- DATA RECORDS -
————

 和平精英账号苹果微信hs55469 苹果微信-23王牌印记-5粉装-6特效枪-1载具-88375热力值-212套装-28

————

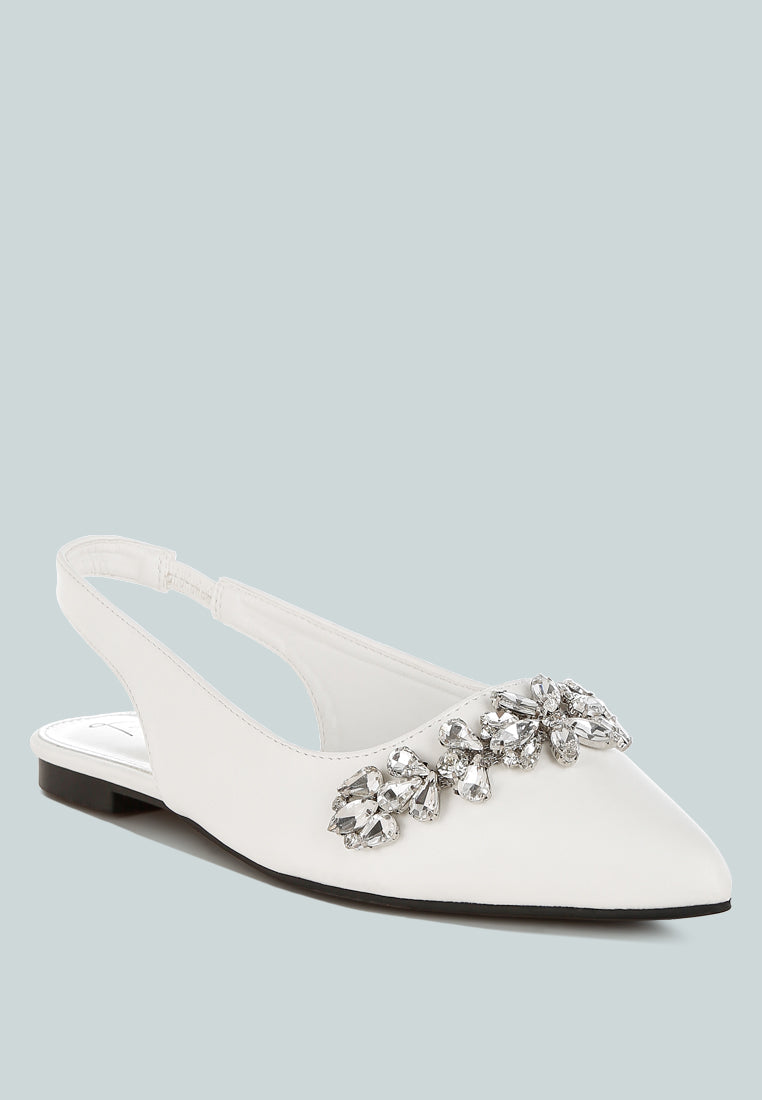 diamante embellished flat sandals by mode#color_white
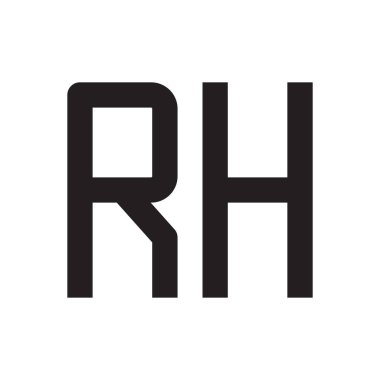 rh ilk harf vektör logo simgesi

————

- TASK DESCRIPTION -
Transcribe the listing above exactly, but only from the line with "diamante embellished flat" through the line with "rh ilk harf vektör logo simgesi". Include both of those lines and omit the pictures.

- SOLVED EXERCISE -
 diamante embellished flat sandals by mode#color_white
 rh ilk harf vektör logo simgesi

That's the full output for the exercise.